Anyone who becomes known to people they haven’t met runs the
risk of becoming a lightning-rod for hate and disturbance. A pop singer is shot
dead in the USA; an MP in a small Yorkshire town. Rarely this happens to clergy
too, although when they are killed – unless it’s as a result of the kind of
random event that could befall anyone – it tends to be by someone they have met
and dealt with. I sometimes wonder whether that might happen to me one day,
though it doesn’t seem very likely.
You can’t stop unbalanced people being overcome by hate, and
attaching it to a particular figure. You can make it harder for them to do
anything very damaging with that hate. To kill someone with a knife you have to
be very lucky, or really to know what you’re doing, and most unbalanced
individuals don’t; guns make it so much easier.

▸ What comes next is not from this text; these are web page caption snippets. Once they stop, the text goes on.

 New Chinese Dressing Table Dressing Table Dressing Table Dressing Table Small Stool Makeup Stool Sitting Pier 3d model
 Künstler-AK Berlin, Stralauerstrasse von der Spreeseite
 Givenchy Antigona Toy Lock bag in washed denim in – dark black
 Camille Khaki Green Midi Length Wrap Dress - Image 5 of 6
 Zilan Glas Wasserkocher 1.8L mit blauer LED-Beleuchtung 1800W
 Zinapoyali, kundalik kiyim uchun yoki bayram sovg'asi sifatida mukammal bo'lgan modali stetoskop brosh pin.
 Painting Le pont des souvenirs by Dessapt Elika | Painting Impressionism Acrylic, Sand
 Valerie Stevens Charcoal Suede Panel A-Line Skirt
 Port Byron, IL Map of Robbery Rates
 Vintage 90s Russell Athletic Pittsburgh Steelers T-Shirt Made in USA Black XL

The character of the individual who dies, or the context,
makes a difference to what happens afterwards. Years ago Phyl Saville, the
President of the Priest’s House Museum Trust in Wimborne where I used to work,
was stabbed on her way to church one Sunday morning. It always felt to me as
though her gentle, tough, serene faith had already reached out to defuse the
evil of her death long before it had taken place. Other deaths are surrounded
by revenge and resentment and as a result the hatred escalates. Only lives
lived after the pattern of the Cross – whether by religious people or not –
can absorb evil and transform it into hope.